Born in 1824 in France, probably in the Alsace region that became part of Germany as a result of the Franco-Prussian War in 1871, Henrietta was originally known by the last name Pulfermacher (“Powdermaker”). Her German-born mother, Lea, died soon after her birth, and her father, Moritz, subsequently remarried in England. Then misfortune struck again in 1837,
when “Moss” Pulfermacher, self proclaimed “agent for foreign houses in the West Indies, and for Spaniards on the Spanish Main,” was listed in The London Gazette (pt. 1, p. 801) as an insolvent debtor and prisoner.
Consequently, the little family traveled, in Henrietta’s words, “nearly over the world.” “In the year 1839… we were voyaging up the Ir[r]awaddy River, bound for the capital of the Burmah Empire – the city of Amarapoora [Amarapura],” she recalled in one article (“Honor to Whom Honor is Due,” Our Dumb Animals, November 1878, p. 46 ). Looking back on this period, she wrote regretfully:
The dreamer of the beautiful, the free, wild, soaring spirit, is imprisoned by the requirements of the daily needs. She, who gazed upon the glories of the sunset from the Ganges’ sacred banks, she who stood beside the sphynx in solitary meditations, who drank in soul-draughts of life-lasting inspiration on the Alpine mounts – she is now the saddest, most unheeded thing of earth, a seamstress for her daily bread. (Banner of Light, June 16, 1860, p. 1)

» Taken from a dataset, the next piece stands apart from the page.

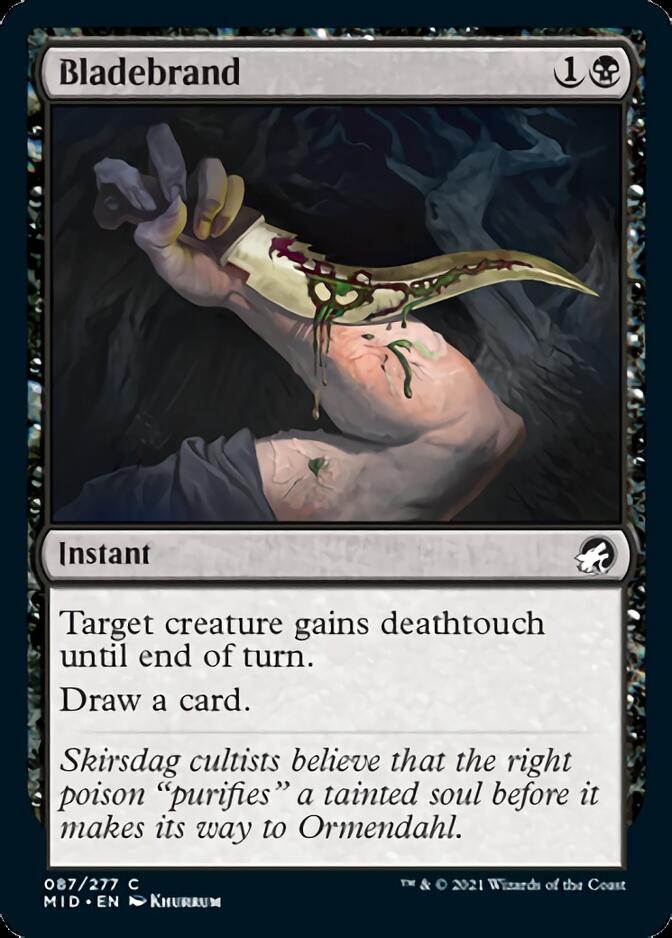 Bladebrand [Innistrad: Midnight Hunt] | Gear Gaming Bentonville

Henrietta mentions spending “youth’s roseate hours” in Hawaii. Then on March 22, 1843, according to her diary, she and her parents left Singapore for Bremen.

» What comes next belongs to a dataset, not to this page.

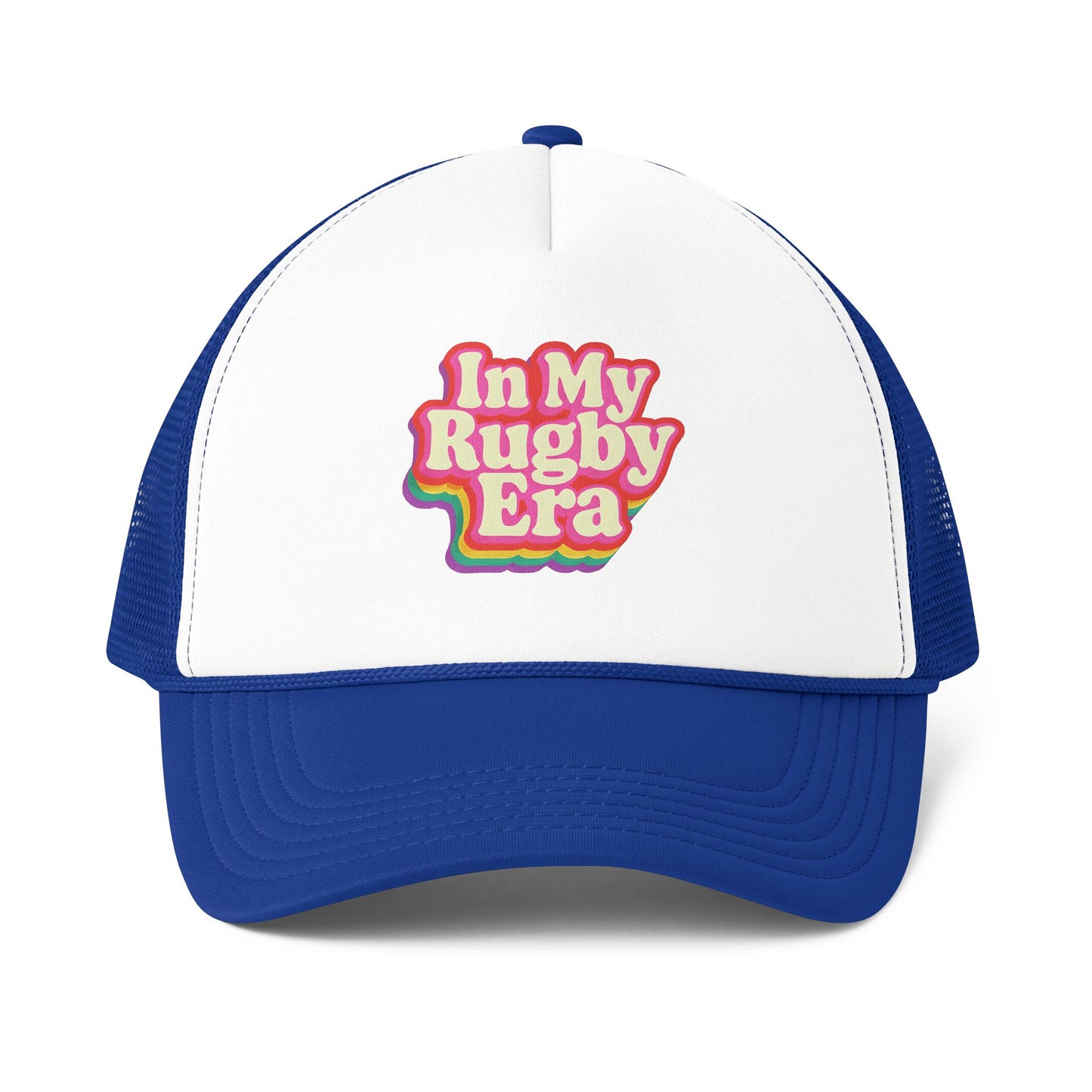 In My Rugby Era Trucker Hat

World travelers, especially Jewish ones, were few and far between in the first half of the 19th century. Prior to the advent of the steamship, sea voyages were risky, wearying, and expensive, so only traveling merchants and the very wealthy indulged.

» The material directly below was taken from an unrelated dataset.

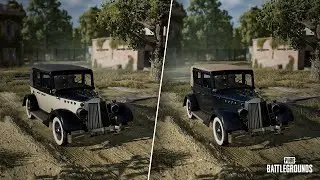 PUBG - Как купить внедорожник мафия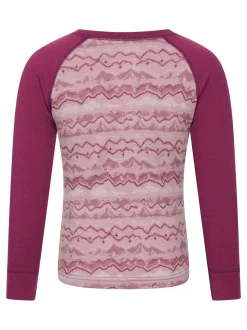 Rose - Mountain Warehouse Ensemble de base en jacquard mérinos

Moritz Pulfermacher pretended to be among the latter, and his gem business lent his penchant for peripatetic travel credibility. But around the time he and his family departed from Singapore, an article in Burma’s Maulmain Chronicle (later reprinted elsewhere) blew his cover. “Tricks of a Traveller” described how Pulfermacher, opulently attired and in the company of his wife and daughter, held forth as a “rich diamond merchant” and swindled a sea captain and others by taking loans never repaid, leaving what proved to be “false stones,” “counterfeit gold,” and “German” (faux) silver as collateral. In some venues, it reported, he paraded as “an American Jew named Moritz Jackson” – the same last name Henrietta adopted when immigrating to America. The exposé warned that the con man was en route to Curaçao to ensnare new victims (The Sydney Morning Herald, Australia, March 30, 1843).